Freguesia da Estrela (Planta: Sérgio Dias)

Beco da Bolacha – Freguesia da Estrela
(Planta: Sérgio Dias)

Eduardo Costa, morador e industrial do Bairro da Pampulha, dá nome a uma Rua lisboeta na Freguesia da Penha de França – a  Rua nº 4 do Vale Escuro – desde  a publicação do Edital de 23 de março de 1954 e foi quem em 1875 criou a Fábrica de Bolachas e Biscoitos da Pampulha. Talvez se chame Eduardo António Costa porque em 18 de novembro de 1872 foi esse o nome de quem pediu à Câmara uma vistoria a um telheiro na Travessa dos Brunos à Pampulha, artéria onde ficava o último piso da fábrica e a morada de Eduardo Costa.

Segundo a publicidade da própria empresa, a Fábrica da Pampulha foi fundada em 1875 por Eduardo Costa, mas já estaria lá o seu embrião em 1872, de acordo com uma reportagem do semanário Branco e Negro desse ano. Em Lisboa, terá sido uma das principais mas foi mesmo a primeira a fabricar em Portugal bolacha de alto relevo.  A Fábrica da Pampulha situava-se na Cruz da Rocha, entre a Travessa dos Brunos (na Pampulha) e a Rua 24 de Julho (hoje, Avenida 24 de Julho). Estava instalada num edifício próprio de 5 pisos, num terreno inclinado, pelo que a matéria prima entrava pelo piso térreo na 24 de Julho e no 5º piso acondicionavam-se as bolachas em caixas que saíam pela Travessa dos Brunos. No topo estava a casa de morada de Eduardo Costa, «uma vivenda deliciosa» como classificava a reportagem de Branco e Negro de 30 de janeiro de 1898  que também relata que na Fábrica da Pampulha trabalhavam 21 mulheres e 31 homens. Em 10 de março de 1902 O Ocidente noticiava que lá trabalhavam 60 pessoas de ambos os sexos, que diariamente produziam 600 quilos de bolacha, sendo exportadas por mês, para África, Brasil e Índia, cerca de 30 mil quilos. Chegaram a ser produzidas cerca de 400 variedades de bolachas e biscoitos, sendo a Maria a especialidade da casa.

A Fábrica da Pampulha tinha ainda em Lisboa um depósito na Rua dos Retroseiros 32/34 (é a que hoje conhecemos como Rua da Conceição) e uma filial no Porto, na Rua D. Pedro, 143-145. Conseguiu ainda vários prémios como na Exposição Industrial de Filadélfia (1876) e na de Paris (1878), para além de uma medalha de mérito da Associação Promotora da Indústria Fabril de Viena de Áustria, bem como no nosso país foi premiada na Exposição Agrícola de Lisboa (1884) e  recebeu a medalha de ouro da Exposição Industrial Portuguesa (1888).

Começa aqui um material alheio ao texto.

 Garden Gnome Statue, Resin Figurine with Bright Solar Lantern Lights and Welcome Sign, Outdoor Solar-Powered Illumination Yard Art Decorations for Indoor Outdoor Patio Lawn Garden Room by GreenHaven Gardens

Eduardo Costa era amigo de Alfredo Keil pelo que não se estranhará que a Fábrica de Bolacha e Biscoito da Pampulha tenha feito de oferta aos seus clientes, em março de 1890, de um retrato de Serpa Pinto e de um rótulo de A Portuguesa, além de ter criado as bolachas Serpa Pinto e A Portuguesa. A produção também exaltou valores da cultura nacional como as Bolachas de Santo António, do Ator Taborda (1898), as Garrett  (1902) ou uma bolacha comemorativa da ópera Dona Branca (composta por Alfredo Keil sobre o poema narrativo de Garrett), para além das caixas dedicadas a Gomes Freire de Andrade ou a Bocage (1905 ?). Curiosamente, os seus produtos também veicularam valores republicanos através dos Biscoitos Republicanos, das Bolachas 5 de Outubro (1911) e  das Bolachas Bernardino Machado.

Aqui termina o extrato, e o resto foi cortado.